Wer wagt, gewinnt: Das war schon vor mehr als zehn Jahren das Motto der Gesellschaft der Katharinenschwestern. Damals war der Orden im Kreis Vulkaneifel noch ausschließlich als Träger des Maria-Hilf-Krankenhauses und des Regina-Protmann-Seniorenhauses in Daun präsent. Aber nach vielen Abwägungen sei man "ein Risiko" eingegangen, erinnert sich Norbert Hermann, Geschäftsführer der Gesellschaft der Katharinenschwestern. Und zwar mit dem Regina-Protmann-Stift in Kelberg, einer Investition von gut fünf Millionen Euro. Zur Freude der Ortsgemeinde Kelberg, die sich für eine solche Einrichtung eingesetzt und diese dann auch unterstützt hatte, unter anderem dadurch, dass das Grundstück zur Verfügung gestellt wurde. Als 2005 mit dessen Bau begonnen wurde, war nicht absehbar gewesen, ob das Projekt eine positive Entwicklung nehmen würde. Aber in kürzester Zeit waren die 44 Plätze für pflege- und hilfebedürftige Menschen belegt. Vor zehn Jahren wurde das Stift eröffnet, nun hat es Zuwachs bekommen: Die Gesellschaft der Katharinenschwestern hat für rund 2,2 Millionen Euro ein neues Gebäude in unmittelbarer Nachbarschaft zum Altenpflegeheim gebaut, "finanziert aus eigenen Mitteln", erklärte Geschäftsführer Hermann bei der offiziellen Eröffnung.

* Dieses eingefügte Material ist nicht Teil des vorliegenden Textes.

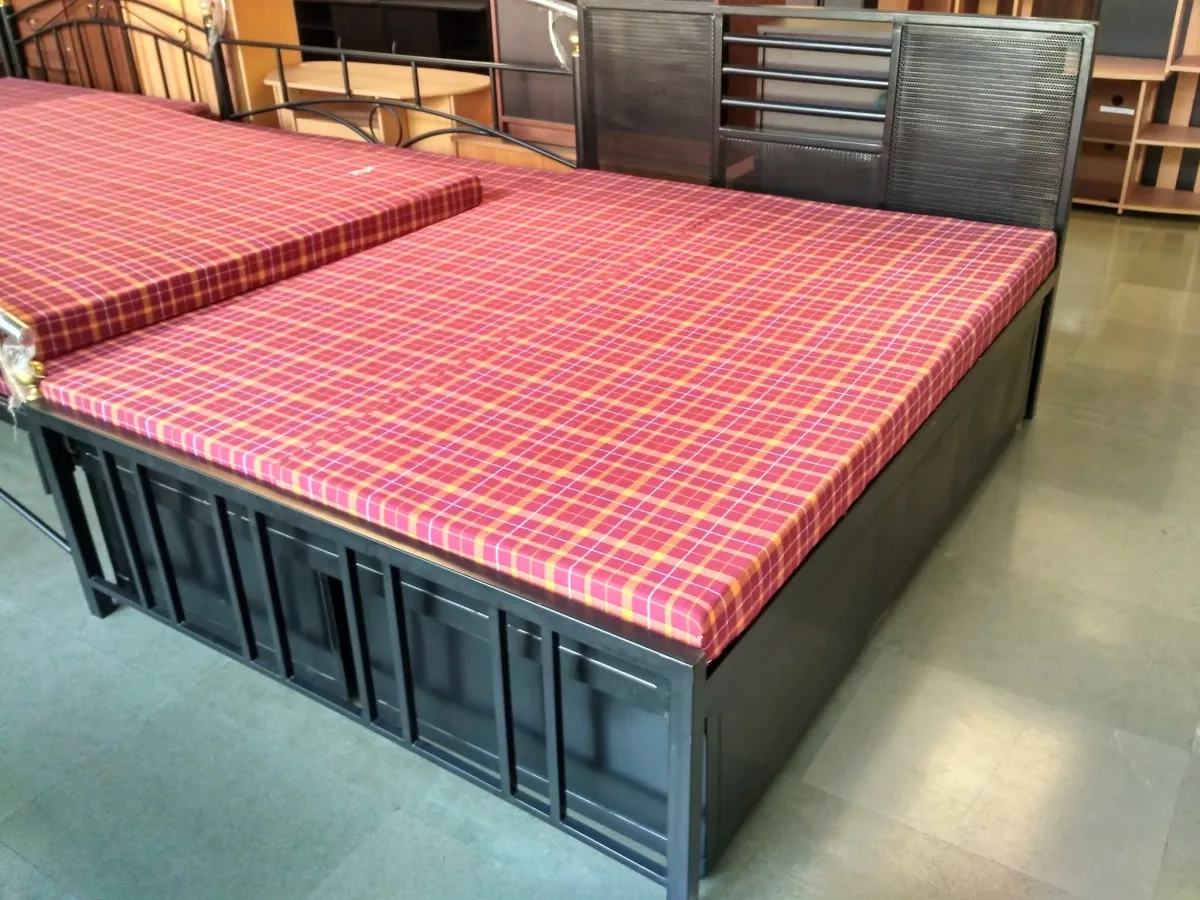 Steel double bed with drawers built into the base.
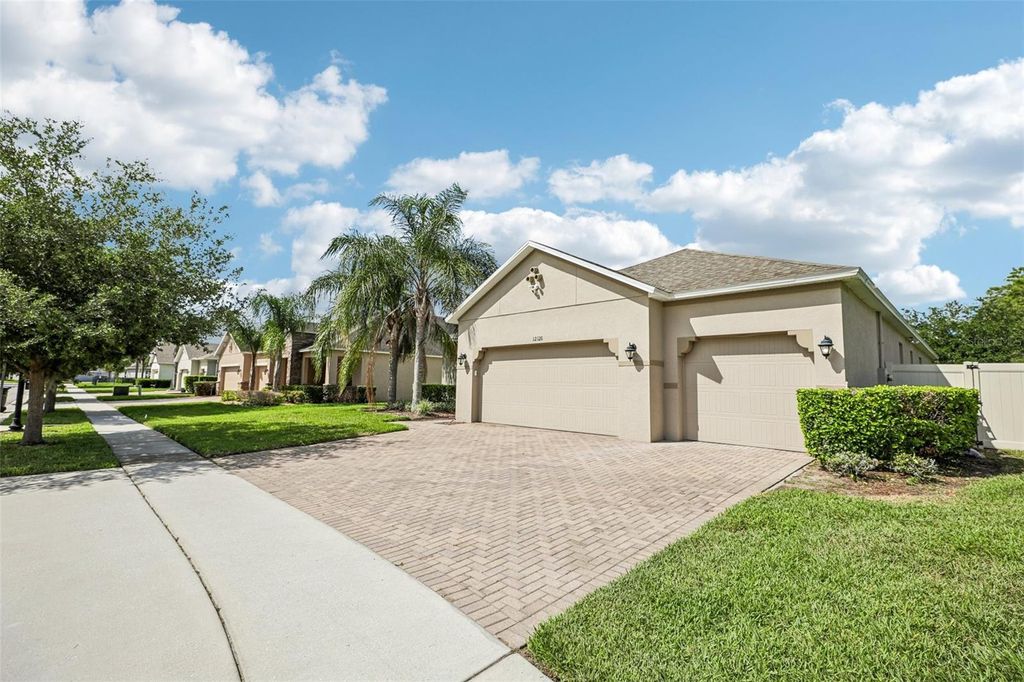 Photo of 12126 Homestead Park Lane, Orlando, FL 32824 (MLS # O6410424)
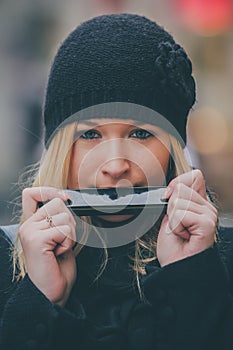 Woman playing harmonica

Es ist aber keine Erweiterung des Pflegeheims geworden, sondern dahinter steckt ein im Kreis Vulkaneifel noch einmaliges Konzept, mit dem der stetig wachsende Nachfrage nach Seniorenwohnungen mit Pflege bei gleichzeitigem Wunsch nach möglichst individuellem und selbstbestimmtem Leben Rechnung getragen wird.

Unter dem Dach des neuen Hauses in Kelberg kommen gleich mehrere Partner zusammen. Konkret bedeutet das: Auf den beiden Etagen mit je 470 Quadratmetern Fläche eine Praxis für einen Allgemeinmediziner, eine Tagespflege (mit Fahrdienst) für 16 Gäste sowie eine Außenstelle der Caritas-Sozialstation Daun/Kelberg untergebracht. Und eine ambulante betreute Wohngruppe für zwölf Senioren als ein Angebot zwischen der häuslichen und vollstationären Pflege. Weiterer positiver Effekt der Millioninvestition: In der Tagespflege und der Wohngemeinschaft sind 20 neue Arbeitsplätze entstanden.

Eine neue Adresse bekommt demnächst auch Dr. Wolfgang Seubert. Seit 1991 ist der Mediziner in Kelberg tätig. Bis Herbst noch in der Schulstraße, dann zieht er mit seiner Praxis in den Neubau auf dem Fronfeld. Der 57-Jährige freut sich auf die "zeitgemäßen neuen Räume". Mehr Komfort für ihn, sein Praxisteam und die Patienten verspricht er sich vom Umzug. Er denkt aber schon voraus: Mit einer modernen Praxis sieht er bessere Chancen, einen Nachfolger oder Nachfolgerin zu finden.Extra: Gesellschaft der Katharinenschwestern

Die Gesellschaft der Katharinenschwestern mbH mit Sitz in Münster ist nicht nur Trägerin des Regina-Protmann-Stifts in Kelberg, sondern auch des Seniorenhauses Regina Protmann, der Pflegeschulen und des Medizinischen Versorgungszentrums in Daun. Zur GmbH gehört auch das dortige Maria-Hilf-Krankenhaus. Dieses wird zurzeit für zwölf Millionen Euro erweitert und ist mit mehr als 600 Beschäftigten einer der großen Arbeitgeber im Landkreis Vulkaneifel.